The court is divided into the Outer House and the Inner House. The Outer House can hear judicial reviews, like the High Court in England, Wales and Northern Ireland. The Inner House is an appeal court, like the Court of Appeal in England ,Wales and Northern Ireland. If you have applied for permission to appeal at the Upper-Tier (Immigration) Tribunal and been refused permission, you may be able to apply to the Court of Session. If you were granted permission to appeal at the Upper-tier Tribunal and your case then was then refused in the Upper-tier Tribunal, you may also be able to apply to the Court of Session.
Note: Ministry of Justice regulations put in place in 2011 mean that English and Welsh barristers and solicitors cannot appear in the immigration tribunals in Scotland and Northern Ireland, but solicitors and barristers from Scotland and Northern Ireland can appear in English and Welsh immigration tribunals. For more on this confusing development, read the Free Movement blog post.
The European Court of Human Rights (ECtHR) is responsible for making sure that member states of the Council of Europe respect the rights protected in the European Convention on Human Rights. The UK is a member state of the Council of Europe, and the European Convention on Human Rights became part of UK law in 2000 (when the Human Rights Act of 1998 came into force).
This means that decisions made under UK law (including the decisions of the Home Office and the immigration courts) should respect the human rights in the European Convention. If it can be argued that the UK has failed to protect one of these rights in its decision making, the case could be taken to the ECtHR.
The court would judge whether an individual or family’s human rights (as defined in the European Convention) have been violated. If they have, it would weigh up whether that violation was allowed within the normal operation of the government. Some rights such as Article 3 of the Convention (the prohibition of torture, inhuman and degrading treatment) are absolute, which means a government cannot violate them under any circumstances.
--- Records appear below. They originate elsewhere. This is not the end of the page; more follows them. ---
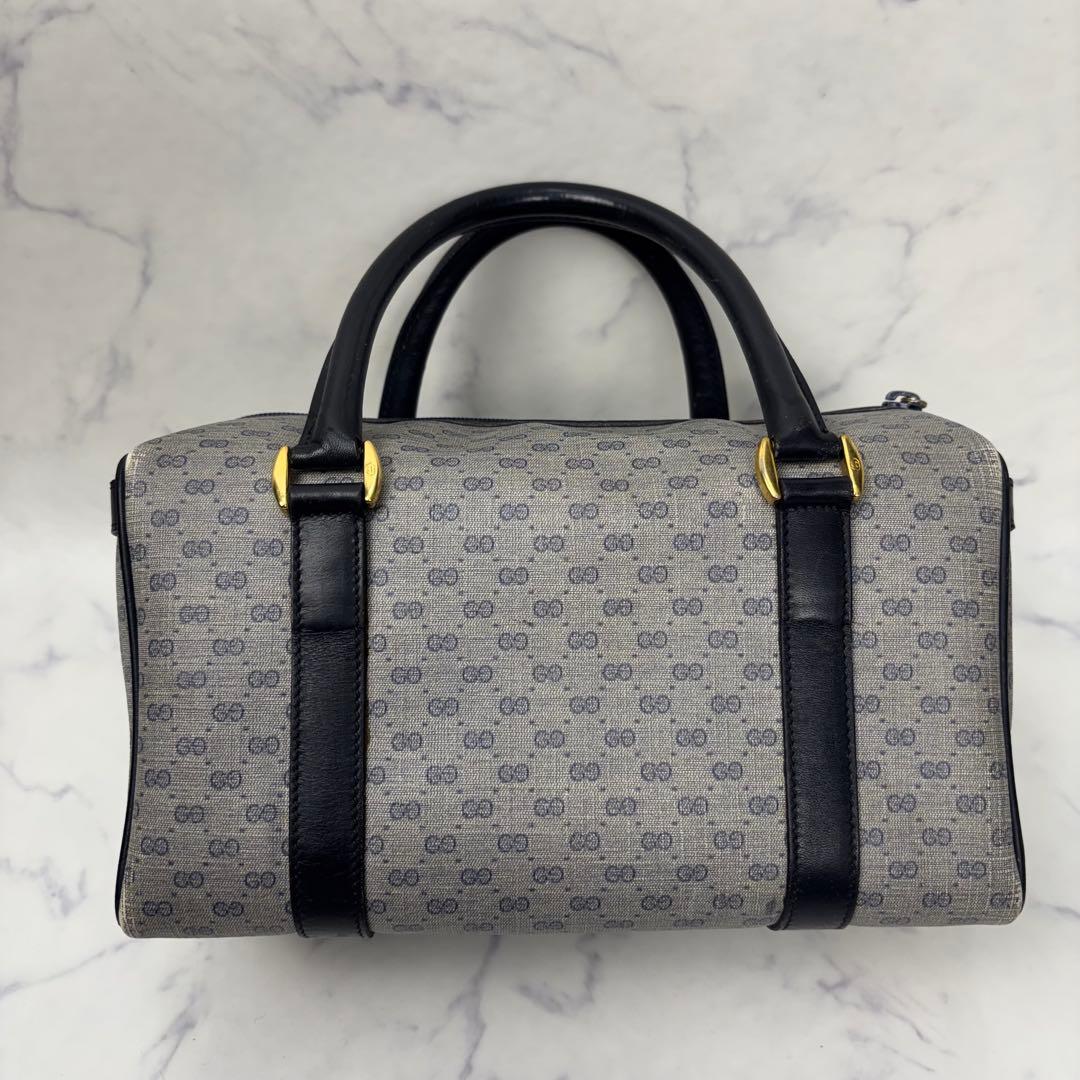 GUCCI オールドグッチ GG柄 PVCミニボストンバッグ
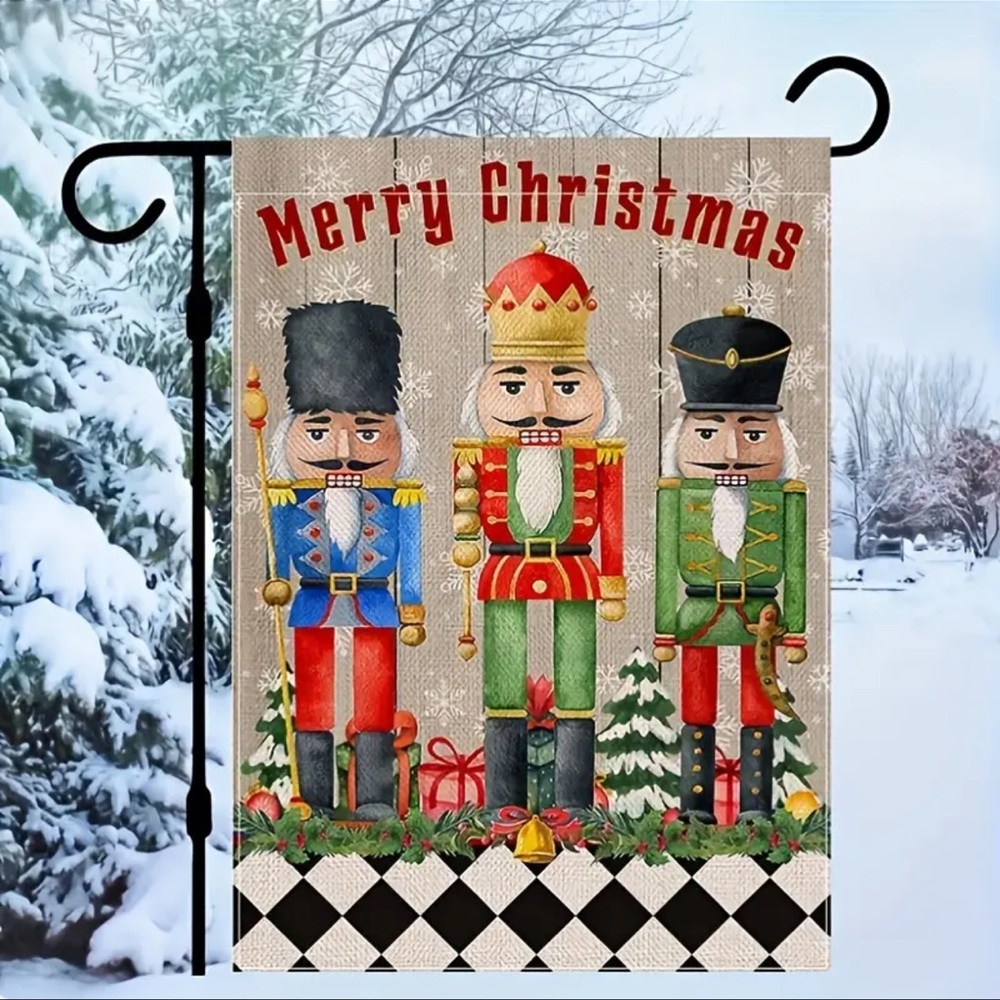 Garden Flag, NUTCRACKER SOLDIERS, Classic Christmas Characters, NEW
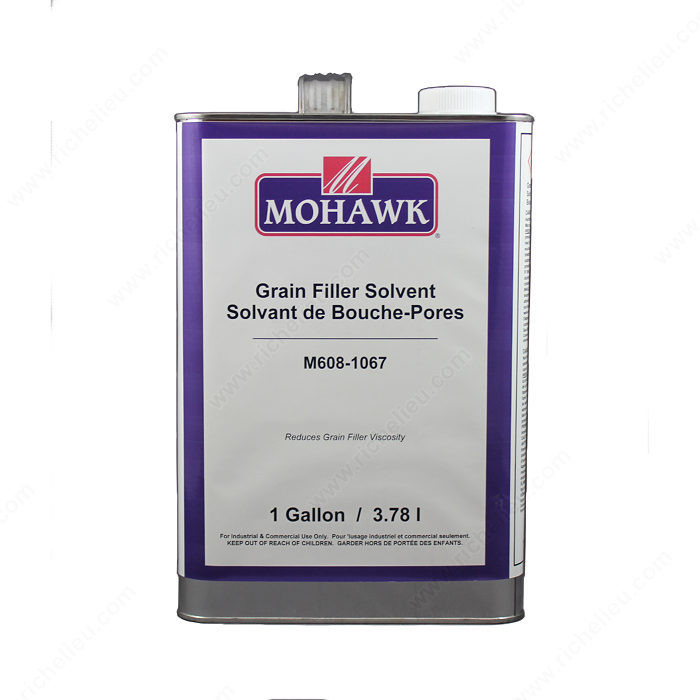 Grain Filler & Solvent, Volume 1 gal., Finish Neutral
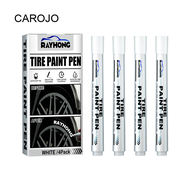 4pcs White Tire Paint Marker For Car Tire Letterin Car Tire Paint Pen Waterproof Non-Fading Tire Paint Pen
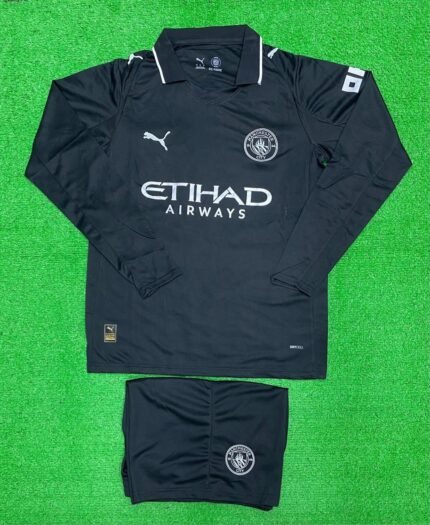 MANCHESTER CITY 25-26 FULL SLEEVE AWAY KIT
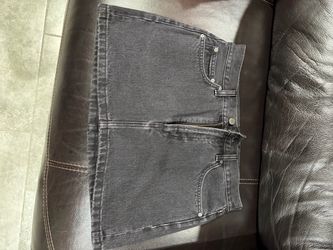 Aritzia black denim skirt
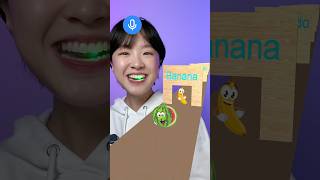 English Test with flashing mouthpiece 🥕🍎🍉🍊 fruitchallenge [upl. by Tanny]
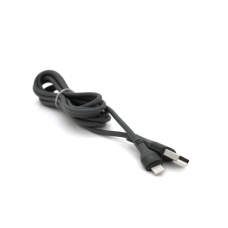 Кабель EMY MY-742, Lighting, 2.4A, Black, довжина 1м, BOX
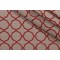 Sabrina Trellis Woven Chenille Upholstery Fabric in Rust
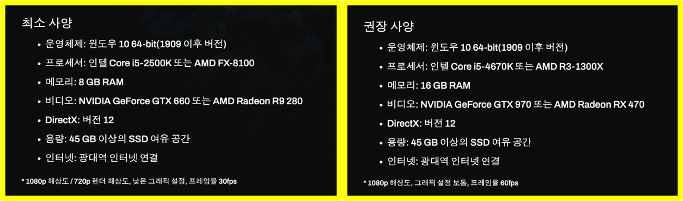 디아블로4 최소사양
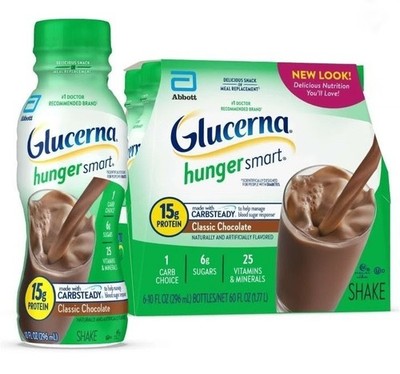 Glucerna Hunger Smart Shakes, 10 oz | Rich Chocolate | 6 Count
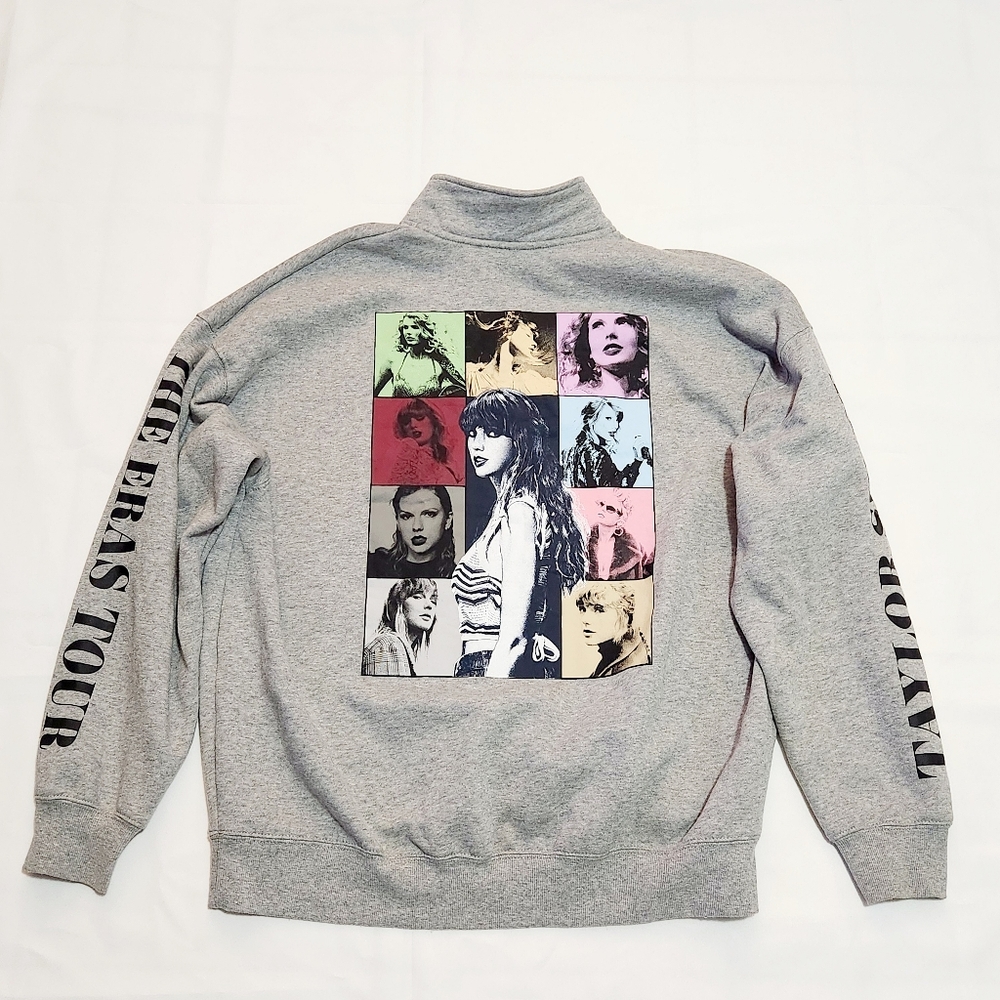 Taylor Swift Eras Tour 1/4 zip size Large - Picture 1 of 9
Taking a case to the ECtHR The court may consider legislation or policy that the UK government has introduced, and it also considers individual cases. If an asylum or human rights case in the UK is particularly strong or involves key legal arguments which may be important for other cases, lawyers would normally try and take the case to the higher UK courts including the Court of Appeal and the Supreme Court. If the case is lost in the Supreme Court, the lawyer may then apply for the case to be heard at the ECtHR.
Individuals trying to get their asylum/human rights cases heard at the ECtHR usually do so after being refused permission to apply for judicial review at the High Court. If you are considering applying to the European Court of Human Rights, you should read the guidance on their website.
This process can take time. If you need an emergency measure to stop deportation, you should apply for Rule 39 to be applied (see ‘Rule 39 Applications to the European Court of Human Rights’, below).
If the ECtHR finds in your favour, the Home Office will normally reverse their decision.
The European Court of Justice is formally known as the Court of Justice of the European Union (CJEU). The court is responsible for providing advice to national courts about the proper implementation of European law, and ensuring that European law is applied equally across member states.
It is very unusual for the European Court of Justice to be involved in individual asylum and human rights cases. A UK court may ask the Court of Justice for clarification on how a particular aspect of European law is to be used. This happened in the case of NS (Saeedi), when the UK Court of Appeal asked the European Court of Justice to comment on whether the UK removing asylum seekers to a third country (in this case, Greece) to have their claims considered fell under European Law.